Wednesday, February 7, 2024

Natural Remedies For Cats With Ear And Eye Infections

We want to express our heartfelt thanks to Shammy’s Mom Carolyn for adopting this very sick rescue kitty and sharing her AskAriel success story:

“I just received another order of wonderful products. Here's how your products have really changed her life. My sweet Shammy had a rough start in life. Stomatitis, chronic ear and eye infections. I didn't want her life spent at the vet getting steroid shots and constantly having to be on antibiotics. A full mouth extraction...suggested by one vet was NOT an option for this sweet girl who already had 3 surgeries in her short life (including an eye removal).  Ask Ariel's products have truly done wonders for her. I give her Power Probiotic and The Immune Support Kit.  I am happy to report no more eye or ear infections and her mouth, although not completely healed, is so much better than it was over 3 months ago. She is eating like a champ now! I could not get her to eat more than a few bites of food before because her mouth was so inflamed. Thank you! These products are amazing! My other kitty who is 4- months is on the products as well. He came to me with an upper respiratory infection, but now his eyes and nose are completely clear since taking these immune support supplements for cats. What a great change that has occurred in both my cats overall health!

With Gratitude,
Carolyn G

                               What Can Cause Eye Infections In Cats?

Cats can develop eye infections for various reasons. Some common causes include:

Bacterial Infections: Bacteria such as Chlamydia or Mycoplasma can lead to conjunctivitis in cats.

Viral Infections: Feline herpesvirus (FHV-1) and feline calicivirus (FCV) are common viral infections that can affect a cat's eyes, causing symptoms like redness, discharge, and squinting.

Fungal Infections: Fungi like Cryptococcus or Aspergillus can cause eye infections, especially in cats with compromised immune systems.

Allergies: Cats can be allergic to various environmental factors, leading to eye irritation and infections.

Foreign Bodies: Particles, dust, or debris can enter a cat's eye, causing irritation and potential infection.

Trauma: Injury or trauma to the eye, such as scratches or puncture wounds, can create a gateway for bacteria to cause infections.

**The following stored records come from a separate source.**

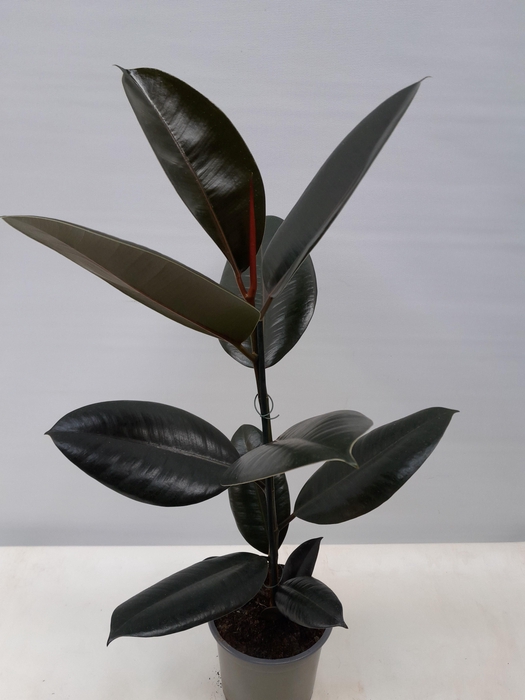 <h4>FICUS ELASTICA P12 ABIDJAN</h4>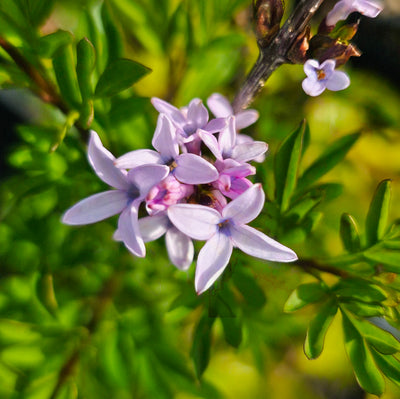 Syringa x laciniata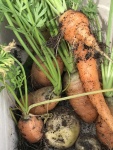 Homegrown . Miggyjpeg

Conjunctivitis: Inflammation of the conjunctiva, the membrane covering the eye, can be caused by various factors, including infections.

Blocked Tear Ducts: Blocked tear ducts can lead to increased tear production and create a conducive environment for bacterial growth.

Upper Respiratory Infections: Respiratory infections, such as feline upper respiratory infection (URI), can affect the eyes as well.

If you suspect your cat has an eye infection, it is essential to seek veterinary attention promptly. The veterinarian can determine the cause of the infection and prescribe appropriate treatment, which may include antibiotics, antiviral medications, or other interventions depending on the underlying cause.